Starting with the March issue, LHJ editors will cull much of the magazine's material from posts on DivineCaroline.com, a sibling at Meredith Corp. that lets consumers upload their own stories, as well as from the magazine's website, its Facebook page and other digital channels.

The magazine will still use fact-checkers and include experts in fields such as medicine and beauty, but it will start with consumers where it can.

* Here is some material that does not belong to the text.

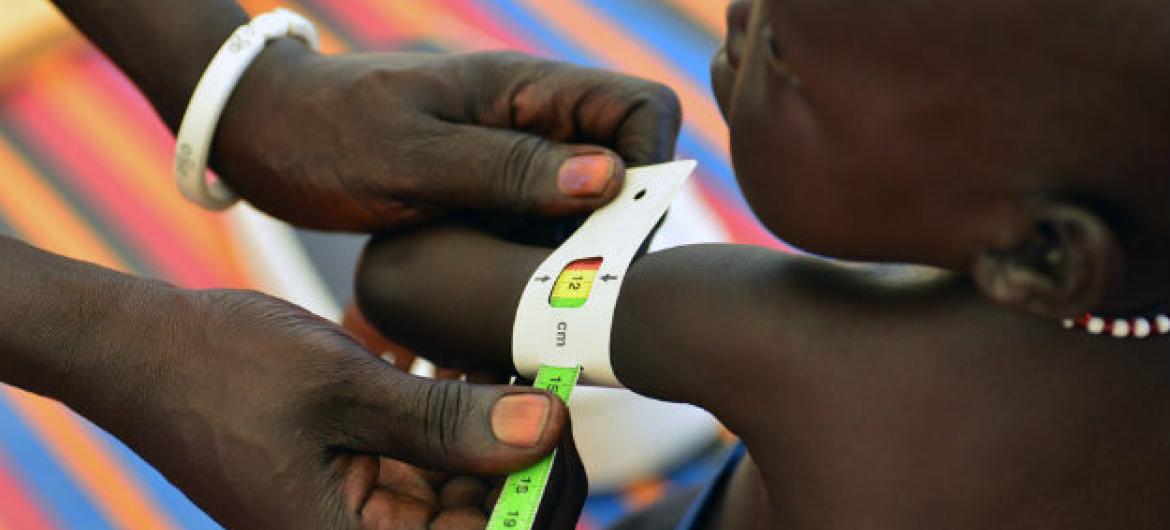 Insegurança alimentar no Sudão do Sul. Foto: Unicef/Christine Nesbitt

Ad Age says this is because of "research revealing that readers wanted a greater role in filling its pages." Yeah, well. Readers also want a golden helicopter, a personal Fabio harem, and a chance to be in the Olympics their very own selves. But we don't give it to them, any more than we give children their desired all-Jolly Rancher diet. Because readers are stupid. We, the professional, know better, and that is why you pay us, the professionals, to write things which you, the reader, then passively consume. That's the lesson of the internet, right? I have to look that up again.

Fortunately Ladies Home Journal was probably just full of pap anyhow, so who really cares who wrote it? It will be way more interesting when we reach The New Yorker: Gawker Comments Edition.

Future of media!

[Ad Age]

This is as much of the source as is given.